TEMPO.CO, Jakarta - Kementerian Koordinator Bidang Kemaritiman menilai Pertamina belum sanggup untuk mengelola Blok Masela secara lepas pantai atau Floating Liquefied Natural Gas (FLNG). Staf ahli Kemenko Maritim Haposan Napitupulu mengatakan belum adanya operator yang mencoba pembangunan FLNG di Indonesia disebut-sebut menjadi alasan utamanya.
"Kalau membangun di darat Pertamina bisa," kata Haposan di kantor Kemenko Maritim, Jakarta, Jumat, 11 Maret 2016.
Ia mencontohkan Malaysia melalui Petronas sedang membangun kilang LNG terapung. Menurut Haposan, pilihan itu diambil lantaran lapangan gas milik Petronas jauh lebih kecil bila dibandingkan dengan Blok Masela. Ia menyebut kapasitas produksi Petronas diperkirakan tiga sampai lima tahun saja sehingga pembangunan kilang darat dianggap tidak efektif.
"Jadi mubazir kalau dibangun di darat. Kalau di kapal begitu habis bisa pindah ke tempat lain," ucapnya.
Sementara untuk pembangunan kilang di darat, lanjut Haposan, Pertamina sudah mempunyai banyak pengalaman. Salah satunya ialah kilang Bontang dan Arun. Ia mengatakan dari sisi keamanan pengelolaan Pertamina patut diacungi jempol karena sudah menjadi acuan bagi operator lainnya.
Namun apakah Pertamina bisa mengelola Blok Masela, baik di darat ataupun di laut, Haposan menyebut sulit dilakukan. Pasalnya dalam Undang-undang Nomor 22 tahun 2001 tentang Minyak dan Gas tidak diatur jika regulator bisa menjadi operator atau pengelola juga. "Berbeda dengan Petronas, selaku regulator bisa jadi player," katanya.
Pengelolaan Blok Masela di wilayah Maluku Tenggara Barat masih memunculkan perdebatan. Perbedaan pandangan terjadi antara Menko Maritim Rizal Ramli dengan Menteri ESDM Sudirman Said. Sejauh ini, Kemenko Maritim lebih memilih pembangunan kilang darat sementara Kementerian ESDM sebaliknya.

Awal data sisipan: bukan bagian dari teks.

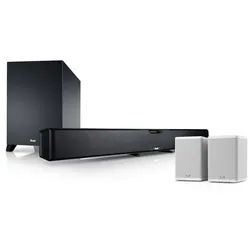 Teufel CINEBAR PRO Surround "4.1-Set" Soundbar (WLAN, Bluetooth, Multiroom, 200 W, WLAN, Multiroom) schwarz|weiß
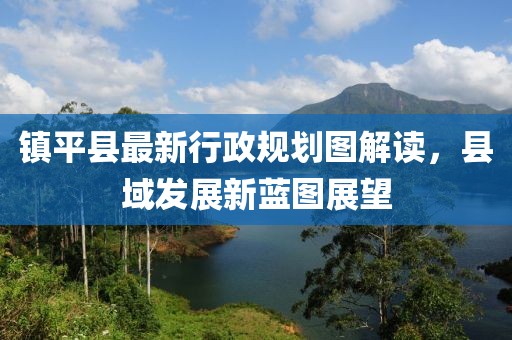 鎮(zhèn)平縣最新行政規(guī)劃圖解讀，縣域發(fā)展新藍(lán)圖展望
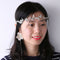 Woman Bridal Rhinestone Leaf Flower Hair Vine Woman Lady Forehead Decoration
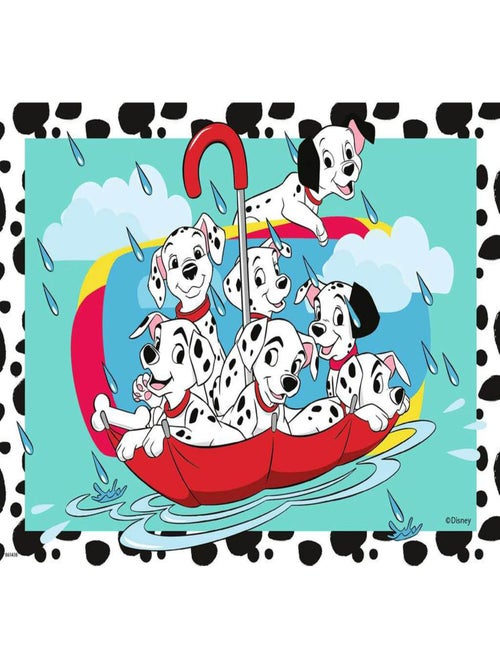 Puzzles 2 x 24 pièces : Les chiots Disney - Kiabi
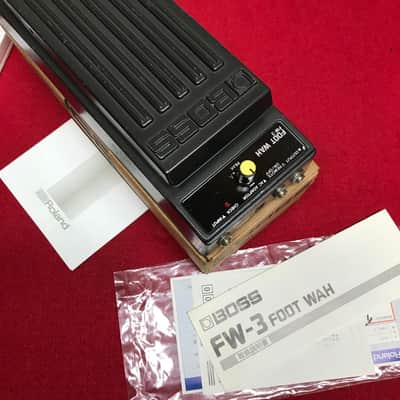 Boss FW-3 Foot Wah in the original box with manual, warranty card etc.  Sounds great! image 6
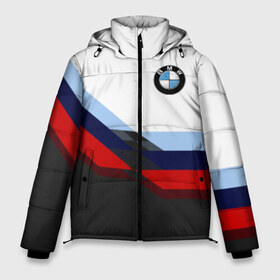 Мужская зимняя куртка 3D с принтом BMW M SPORT в Кировске, верх — 100% полиэстер; подкладка — 100% полиэстер; утеплитель — 100% полиэстер | длина ниже бедра, свободный силуэт Оверсайз. Есть воротник-стойка, отстегивающийся капюшон и ветрозащитная планка. 

Боковые карманы с листочкой на кнопках и внутренний карман на молнии. | bmw | автомобиль | автомобильные | бмв | лучшие | марка | машины | мужчинам | патриот | подарок | прикольные | тренд | фанат | флаг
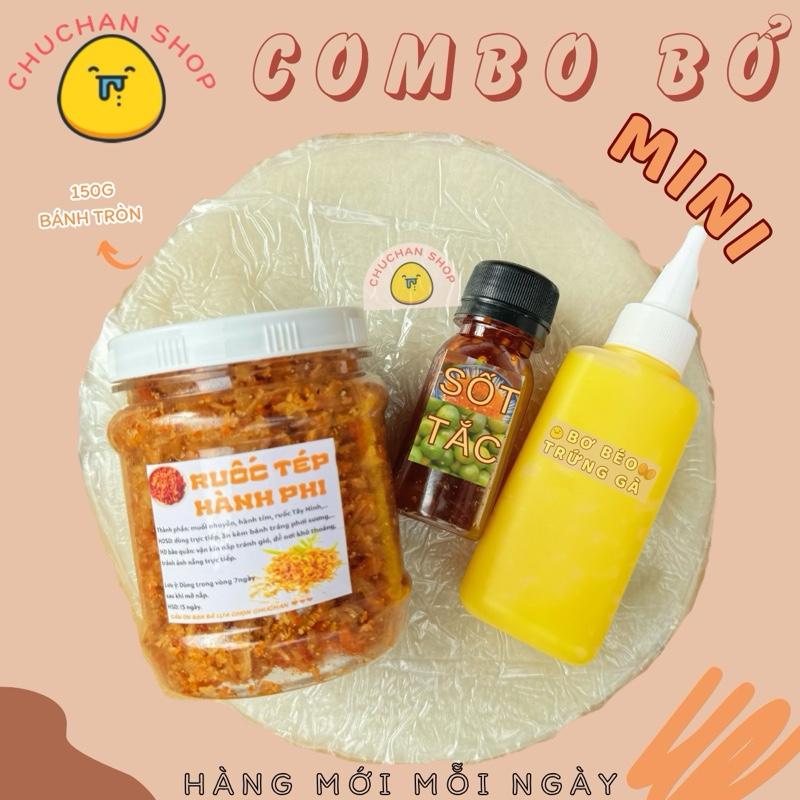 [Set Mini] Bánh Tráng Phơi Sương (Kèm Bơ, Ruốc Tép Hành Phi & Sốt Tắc 50ml) Ăn Vặt Snack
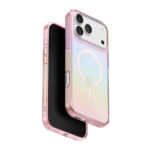 قاب آيفون ۱۷ پرومکس یونیک مدل Uniq Iridescia Holographic Case with MagClick رنگ صورتی (Pink Prism)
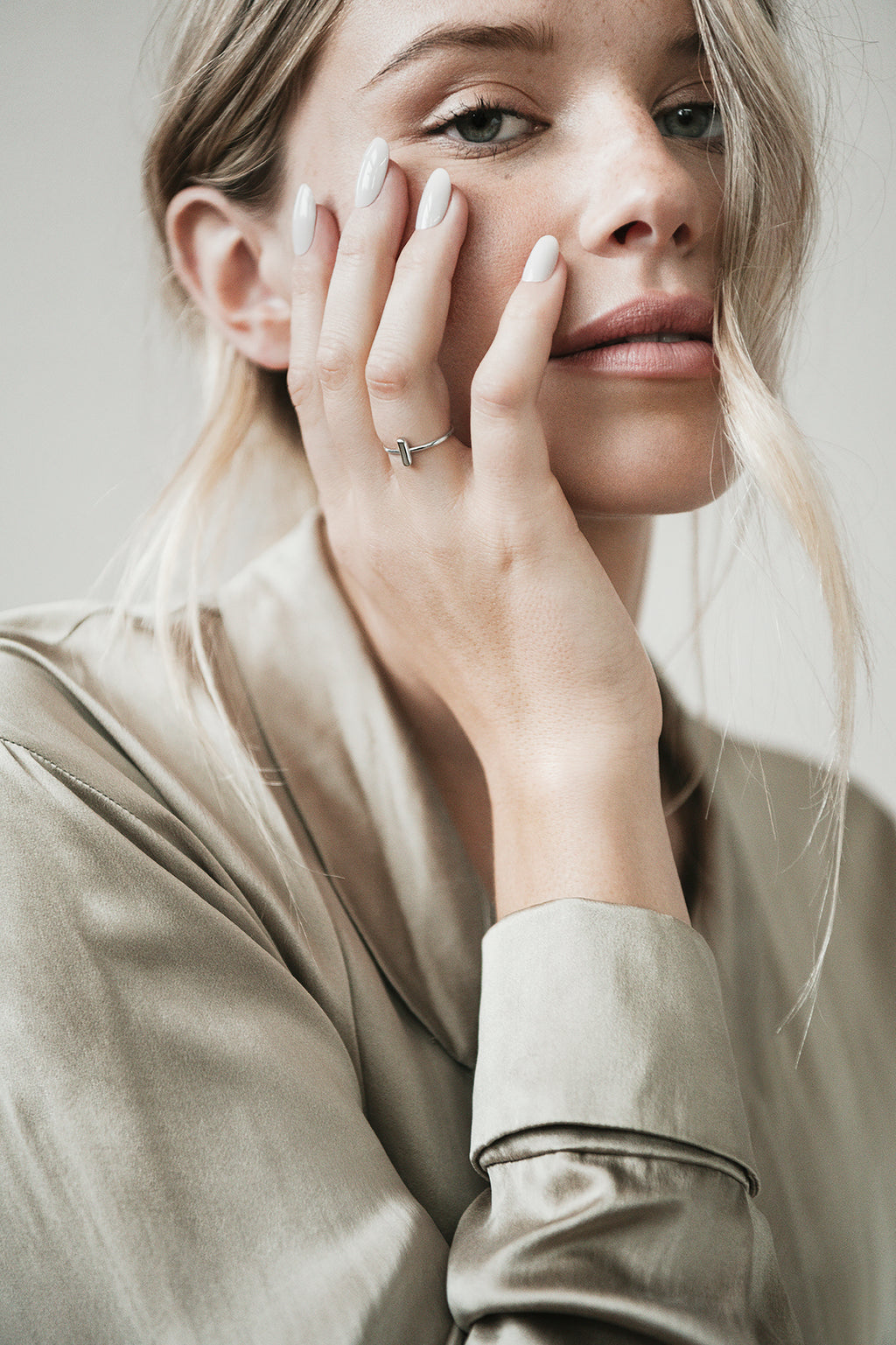 DERNIÈRE CHANCE // Bague barre ovale // Argent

Salah satu perbedaan pandangan ialah mengenai biaya pembangunan. Pembangunan kilang darat diperkirakan menghabiskan dana US$ 16 miliar, bukan US$ 19 miliar seperti usulan Inpex/Shell terakhir. Sementara biaya untuk FLNG versi Inpex dan Shell yang diusulkan ke pemerintah pada 2015 mencapai US$ 15 miliar.